Guest post by Susan Barton Malphurs
Another bone-chilling sunrise, more ravaging winds with “wild voices,” yet Pa sings. He calls to Caroline that he is headed to the barn, but the fires are going. Ma advises the girls to remain in bed until the house is warmer. Laura can’t rest. The howl of the rushing wind whirls about her mind.
The vicious nature of the weather encroaches on the sanctity of their home. “The frosted nails in the roof above her were like white teeth.” Laura escapes their snarl and abandons the warm bedcovers to join Ma downstairs. The warmth radiating from the hot stove is swallowed by the cold air, leaving the room still dark and chilled. Laura heats the frozen water in the wash basin so that she and Ma can scrub their faces.
With a snowy, rosy face Pa returns. He had used Ma’s clothesline for stability and navigation to and from the stable where he had to carve the snow away from the entire height of the door. Laura readies the breakfast table as he cleans up. Ma pours hot tea to go with their hotcakes, browned pork, dried-apple sauce, and sugar syrup. She rations the scarce bit of milk to Grace and Carrie with an admonition that they all remain thankful for even their sparse supply, “because there’ll be less before there’s more.”

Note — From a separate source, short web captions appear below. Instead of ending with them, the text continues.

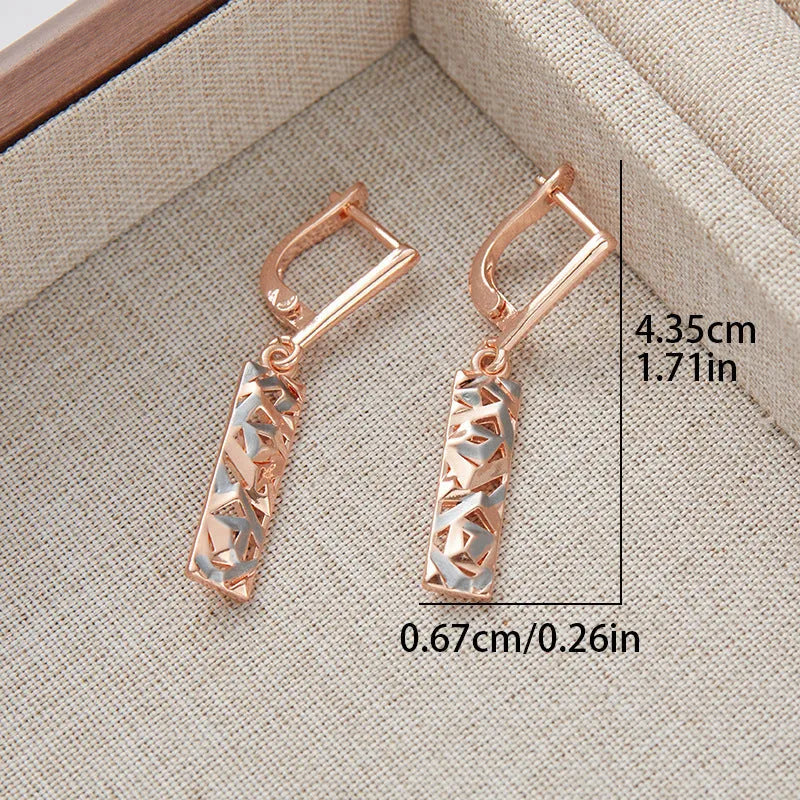 A pair of rectangular hollow stud earrings with a two-tone electroplated finish.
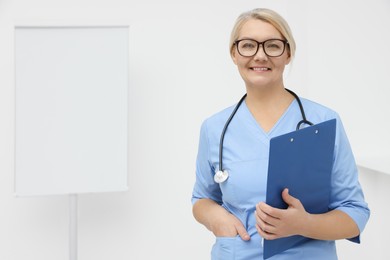 Photo of Professional doctor wearing uniform near flipchart in clinic, space for text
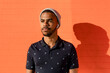 © Rawpixel.com - Teen boy portrait, African Amercian with bright wall background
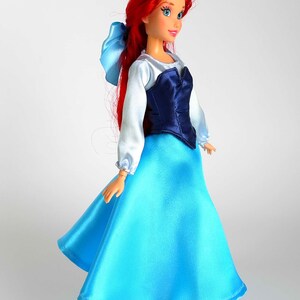 K&ouml;nnte beinhalten: Puppe einer Figur mit langen roten Haaren und einer blauen Schleife. Die Puppe tr&auml;gt ein wei&szlig;es Langarm-Oberteil mit einem dunkelblauen Oberteil und einen langen, hellblauen Satinrock. Schwarze Schuhe vervollst&auml;ndigen den Look. Die Puppe steht auf einem transparenten St&auml;nder.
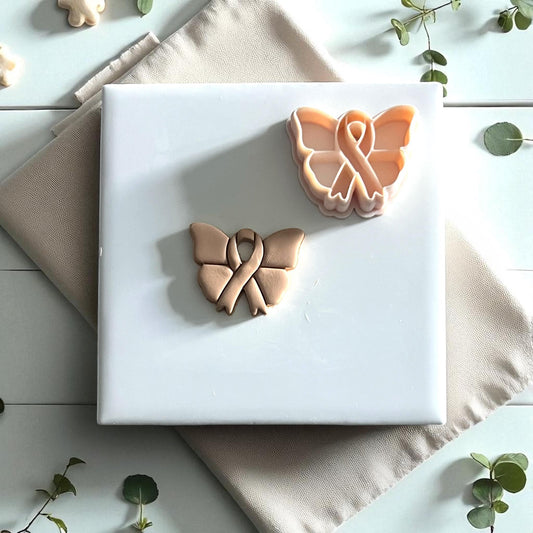 Awareness ribbon butterfly clay impression resting on fabric with green leaves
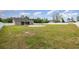 Large backyard surrounded by a white privacy fence and featuring a well-maintained lawn at 6392 Highway 378, Conway, SC 29527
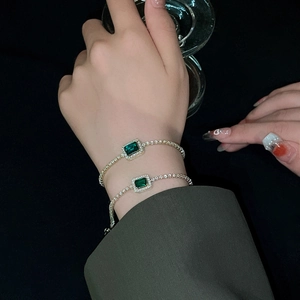 Close-up of emerald square zircon bracelet with diamond halo on silver chain for women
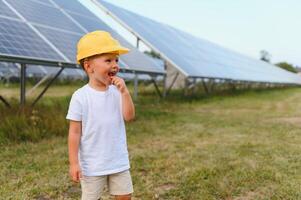 ein glücklich wenig Junge im ein Gelb Helm ist Stehen auf ein Solar- Panel Bauernhof. foto
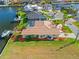 Aerial view of a home with a boat dock and beautiful landscaping at 1346 Osprey Dr, Punta Gorda, FL 33950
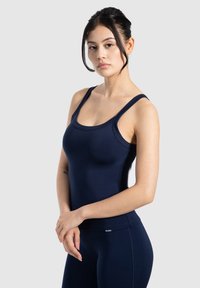 Marineblauw sporttop met een aansluitend ontwerp, ronde halslijn en brede banden, gemaakt van glad, rekbaar stof. Minimale merkdetails.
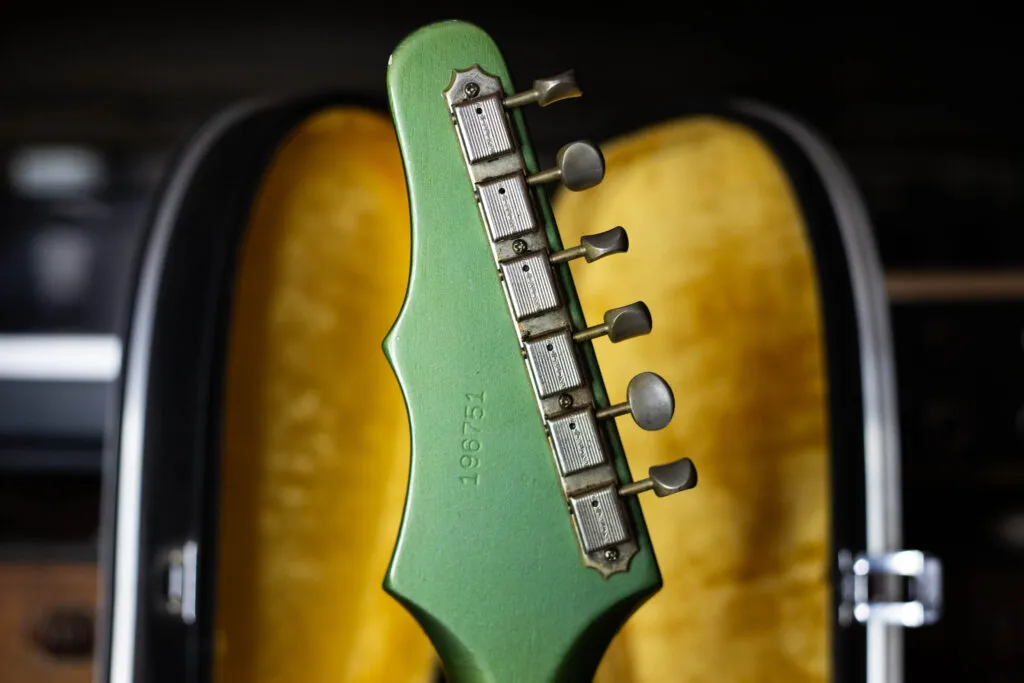 Rear view of a 1964 Epiphone Crestwood asymmetrical “Batwing” headstock, showing the six-in-line Kluson tuners and the custom color finish.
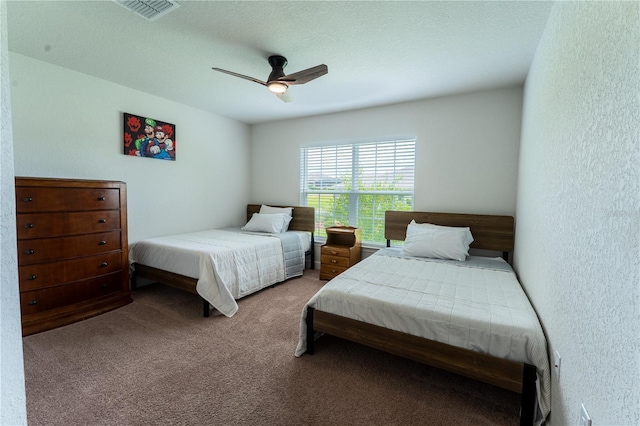 6644 SW 179th Court Rd, Dunnellon, FL 34432 - bedroom with carpet flooring, a ceiling fan, and a textured wall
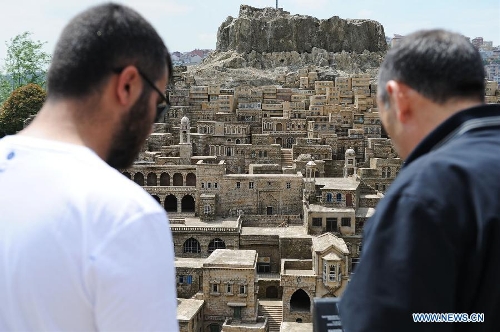 Visitors look at the miniature of traditional Stone Houses in Mardin, in the Miniature park in Istanbul, Turkey, on May 11, 2013. The Miniaturk park is the first miniature park in Istanbul and has welcomed 6.5 million visitors over the past 10 years. (Xinhua/Lu Zhe)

After breakfast and a bit of warming around the stove, Laura and Ma set about morning chores. Seeing Laura hesitate before climbing the steps to the even colder two upper rooms, Ma suggests that Laura leave the beds unmade until the house warms. Pa fetches his wraps, despite Ma’s objections, and heads across the street to “hear the news” in the event someone might be lost. He assures his girls he knows the steps precisely.
Laura tries to watch for Pa, but he is enveloped by the snow before he ever moves away from their door. She resents being in town if it still brings isolation and the added danger of helping others… and says as much.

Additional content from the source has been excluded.